_Description of the task_. Images appear in the records below; leave them out and repeat everything else exactly.

_Data excerpts_.
━━━━━━━━━━
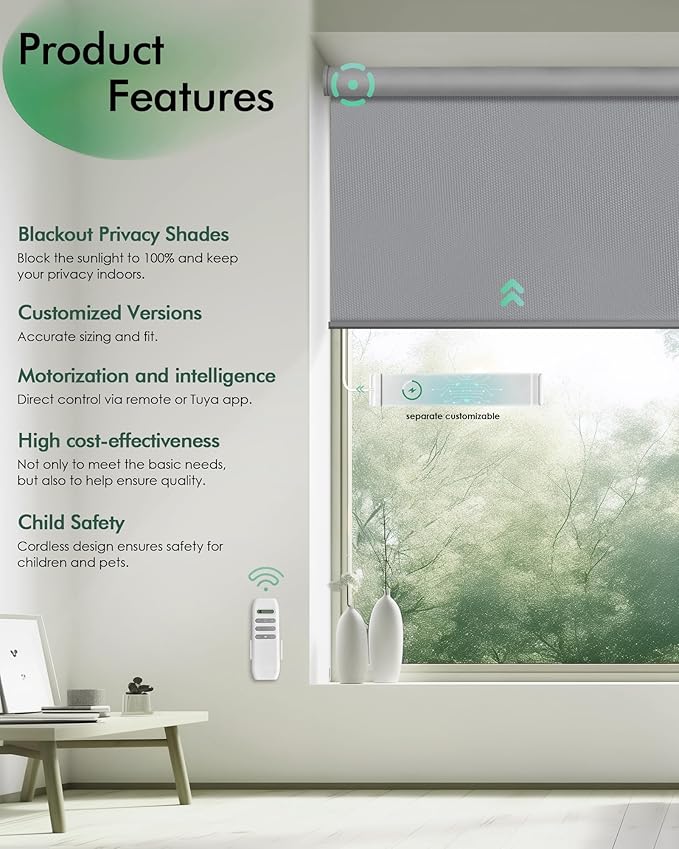 Yoolax Motorized Blinds with Remote, Automatic Roller Shades Cordless Electric - Image 2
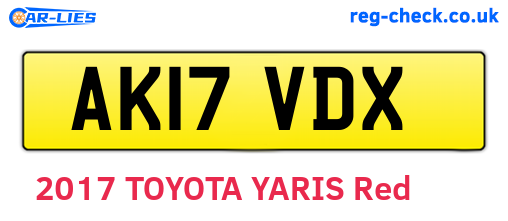 AK17VDX are the vehicle registration plates.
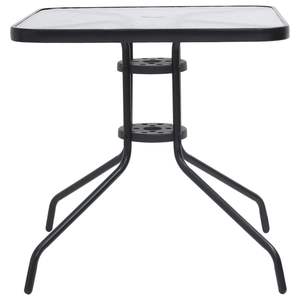 Juego de Comedor Apilable de Acero Negro de 5 Piezas para Jardín - Product Image 3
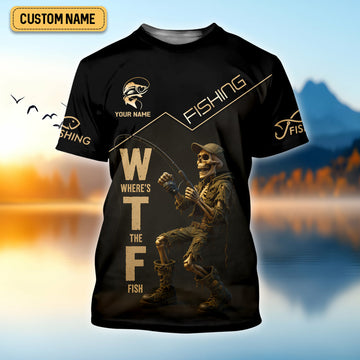 Maxcorners Where's The Fish, Funny Skeleton Fishing Shirts, UPF Fishing Shirts, Gag Gifts For Men, Funny Fishing Shirt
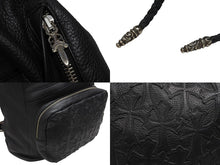 画像をギャラリービューアに読み込む, 新品同様 CHROME HEARTS クロムハーツ STRANGE LOVE BAG リュック セメタリー クロスパッチ ラージクロス レザー ブラック 中古 4b006233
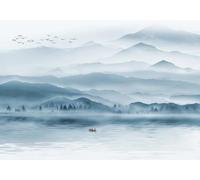 skdhlifpj Carta Da Parati Paesaggi In Stile Cinese 150cmx105cm 3d Fotografia Rendering Artistico Di Uccelli In Volo Sull'Oceano Blu E Sulle Montagne Camera Da Letto Soggiorno Decorazione Sfondo
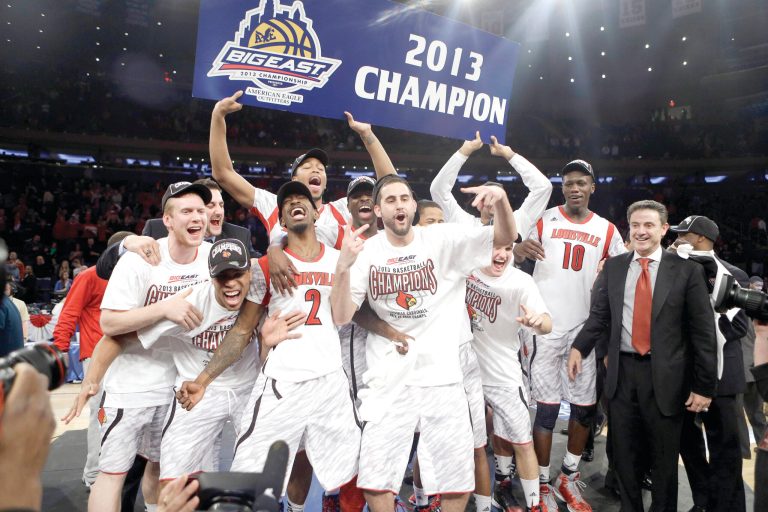Frank Franklin II/AP
Louisville won the Big East title on Saturday, helping it earn the No. 1 seed in the NCAA tournament's Midwest Region.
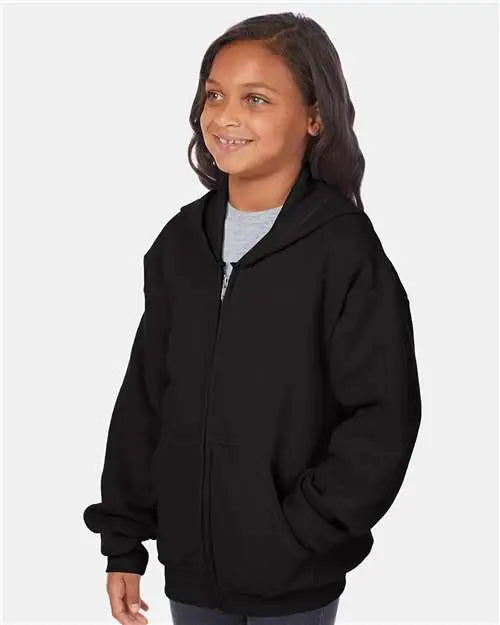 Hanes P480 Ecosmart® Youth Full-zip Hooded Sweatshirt - Black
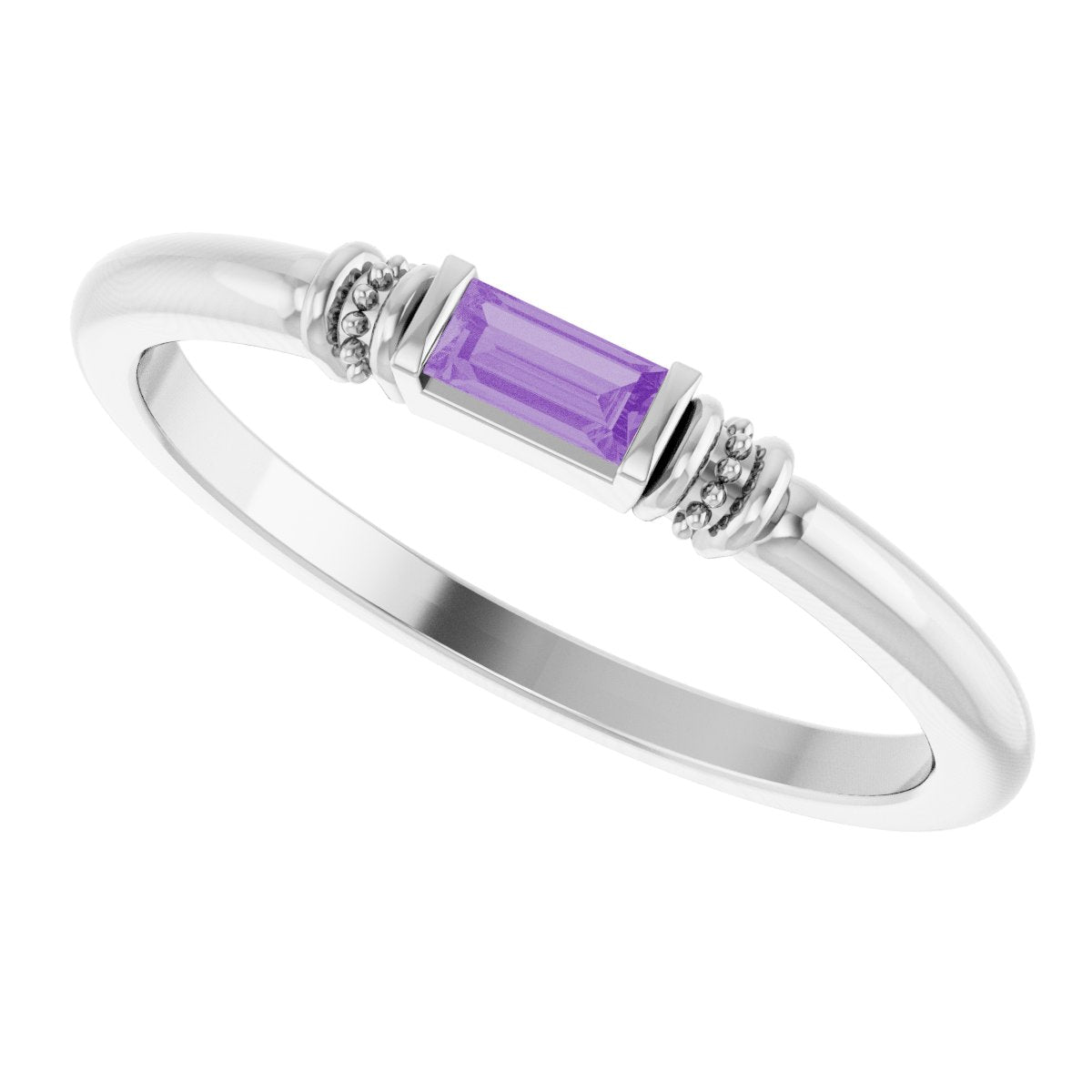 Lab-Grown Purple Sapphire Stackable Ring - White Gold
━━━━━━━━━━
_Exercise result_.
 Yoolax Motorized Blinds with Remote, Automatic Roller Shades Cordless Electric - Image 2
 AK17VDX are the vehicle registration plates.
 Juego de Comedor Apilable de Acero Negro de 5 Piezas para Jardín - Product Image 3
 Maxcorners Where's The Fish, Funny Skeleton Fishing Shirts, UPF Fishing Shirts, Gag Gifts For Men, Funny Fishing Shirt
 画像をギャラリービューアに読み込む, 新品同様 CHROME HEARTS クロムハーツ STRANGE LOVE BAG リュック セメタリー クロスパッチ ラージクロス レザー ブラック 中古 4b006233
 skdhlifpj Carta Da Parati Paesaggi In Stile Cinese 150cmx105cm 3d Fotografia Rendering Artistico Di Uccelli In Volo Sull'Oceano Blu E Sulle Montagne Camera Da Letto Soggiorno Decorazione Sfondo
Frank Franklin II/AP
Louisville won the Big East title on Saturday, helping it earn the No. 1 seed in the NCAA tournament's Midwest Region.
 Hanes P480 Ecosmart® Youth Full-zip Hooded Sweatshirt - Black
 Lab-Grown Purple Sapphire Stackable Ring - White Gold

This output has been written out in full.